- **Work request**
Please copy exactly the line that contains "a kitchen with white" and every line after it through the end of the records, leaving the pictures out.

- **Supplied data**
'''

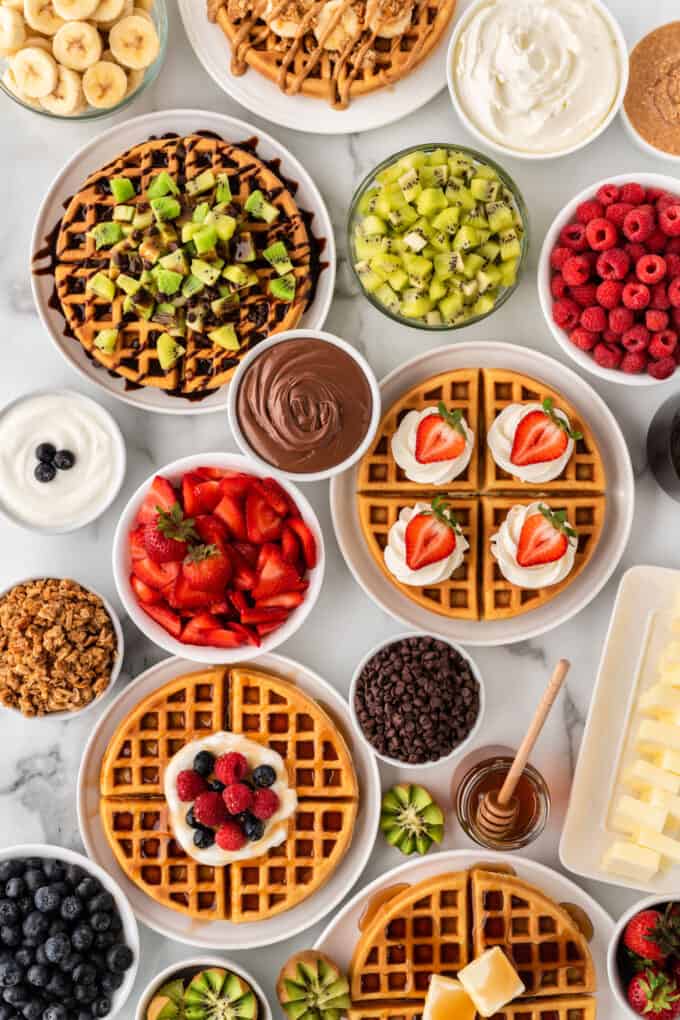 overhead of crispy waffles and waffle toppings for waffle bar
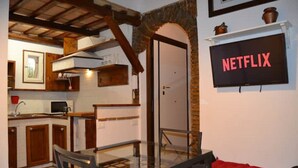 A cozy living area with a glass table and red sofa, a kitchen with wooden cabinets and a microwave, and a door leading to another room. - 3 minutes on foot from Piazza Navona and Castel Sant’Angelo and the Vatican! (Roma)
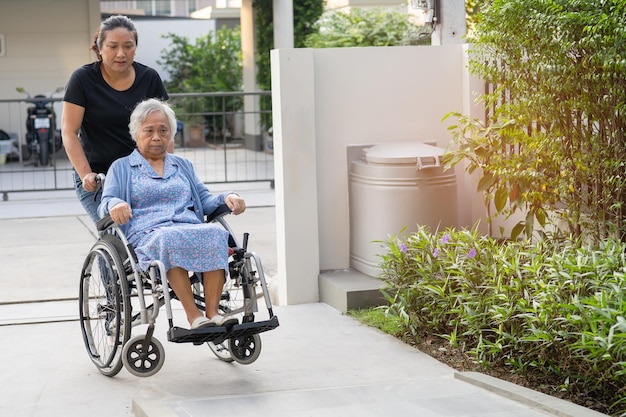 Caregiver help and care Asian elderly woman patient sitting on wheelchair to ramp in nursing hospital healthy strong medical concept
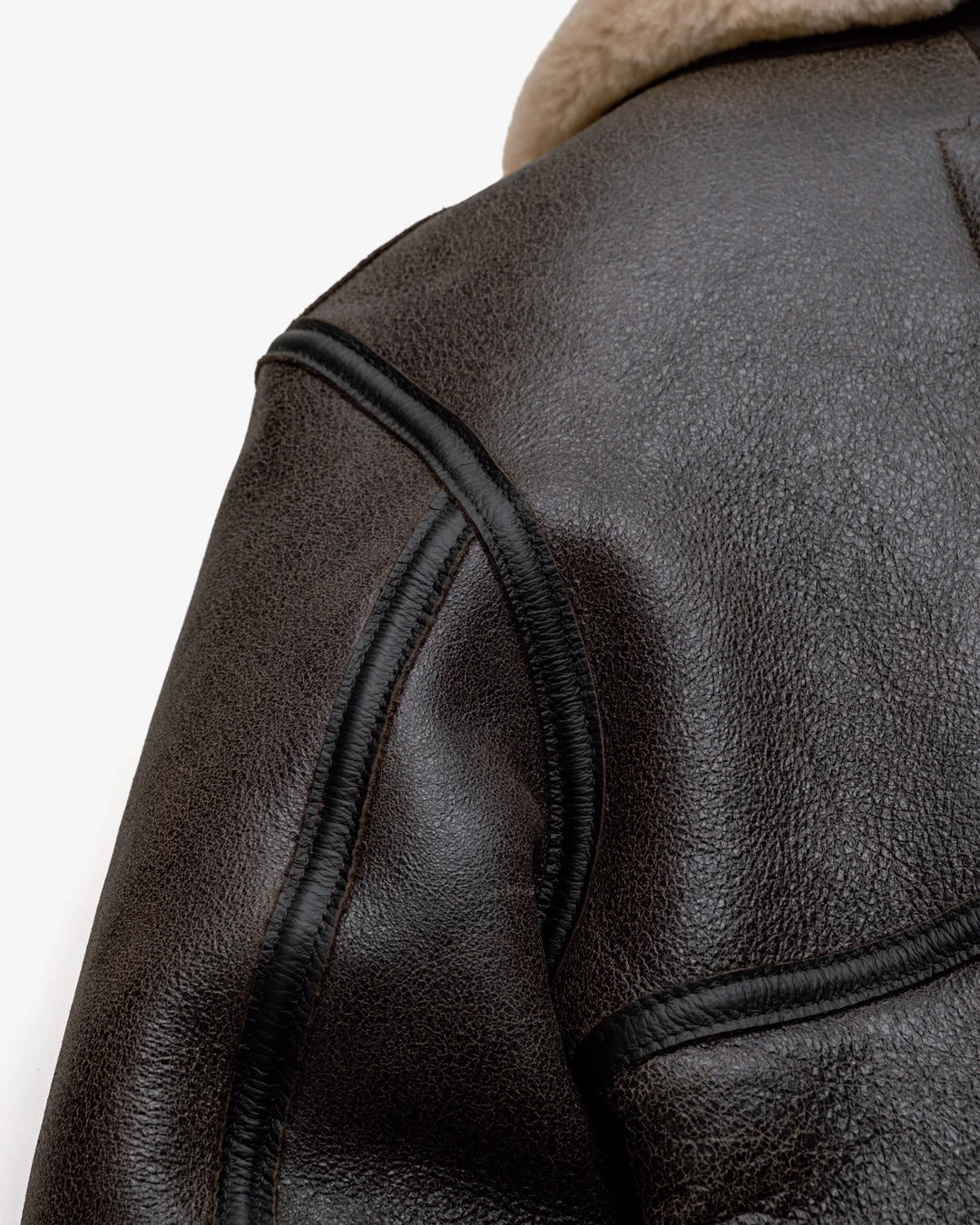 Close-up of a brown leather jacket with fur lining on a white background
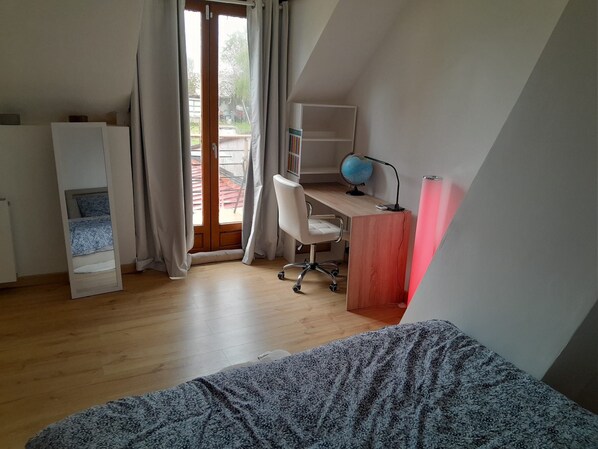 Ein Zimmer mit einem Bett, einem Schreibtisch mit Globus und Lampe sowie einem Ausblick durch ein Fenster.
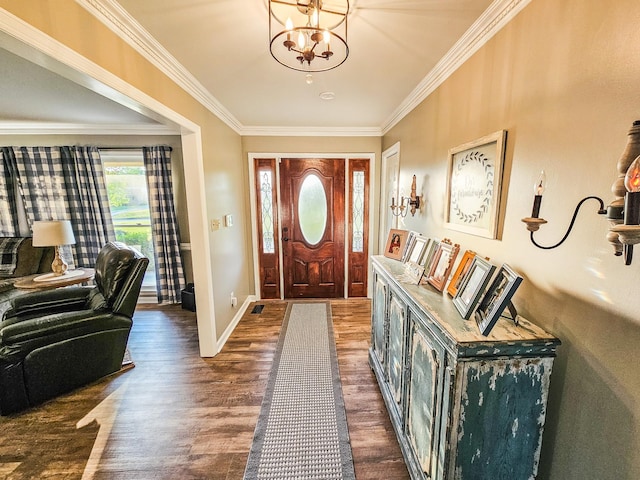 foyer featuring an inviting chandelier, ornamental molding, baseboards, and dark wood-style floors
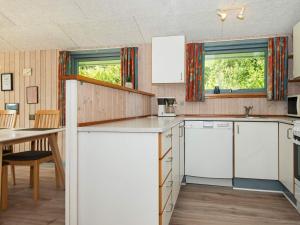 uma cozinha com electrodomésticos brancos e uma mesa e cadeiras em 6 person holiday home in B rkop em Egeskov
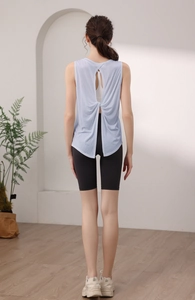 Detail of the open back knot design on a light blue tencel yoga tank top for women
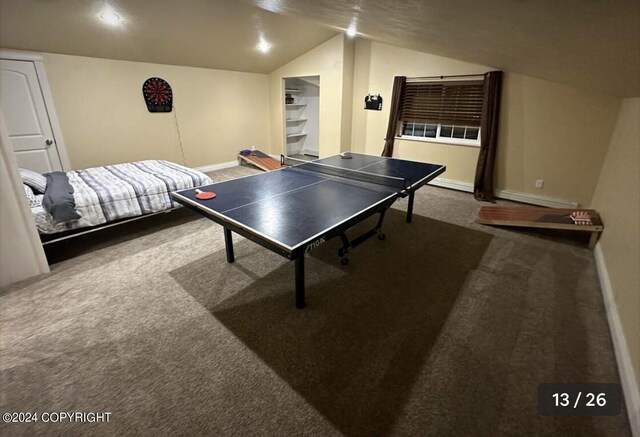 playroom with vaulted ceiling and carpet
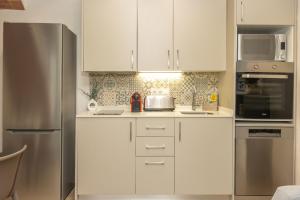 a kitchen with white cabinets and a stainless steel refrigerator at Mas Pigem in Pals +33 photos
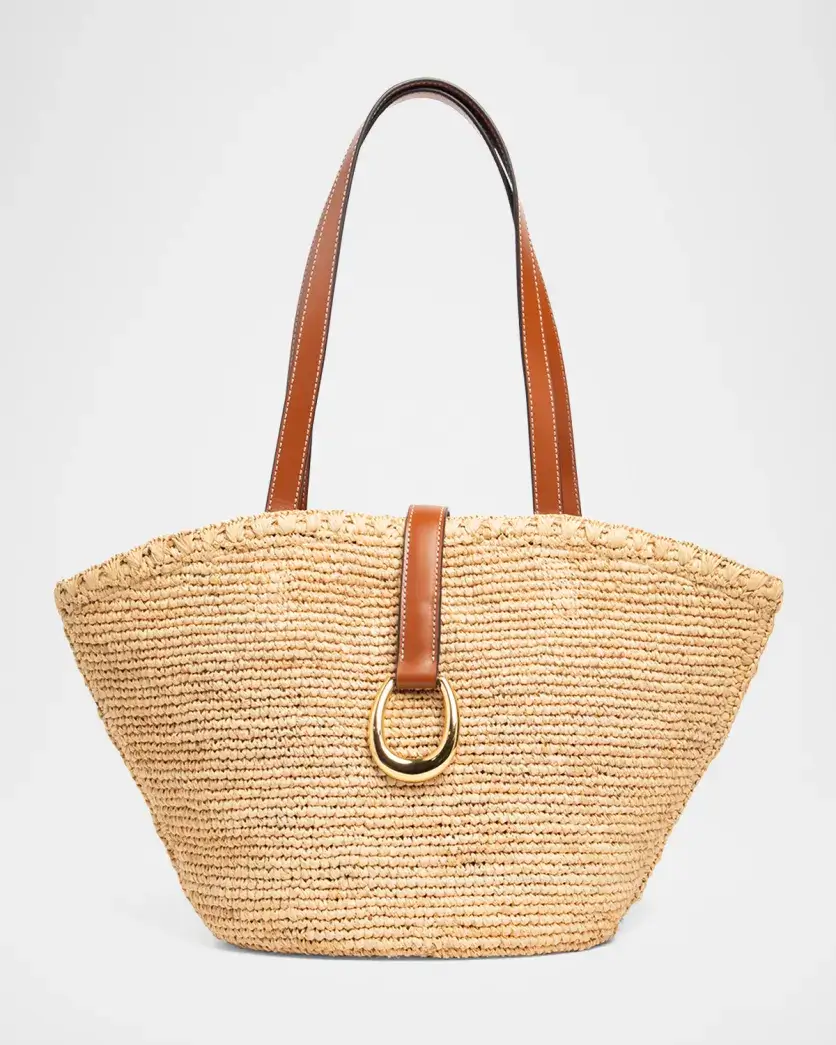 A woven straw tote bag with brown leather handles and a leather strap featuring a gold ring accent at the front—perfect for effortless summer style.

'''

- **Written solution**
 a kitchen with white cabinets and a stainless steel refrigerator at Mas Pigem in Pals +33 photos
 A woven straw tote bag with brown leather handles and a leather strap featuring a gold ring accent at the front—perfect for effortless summer style.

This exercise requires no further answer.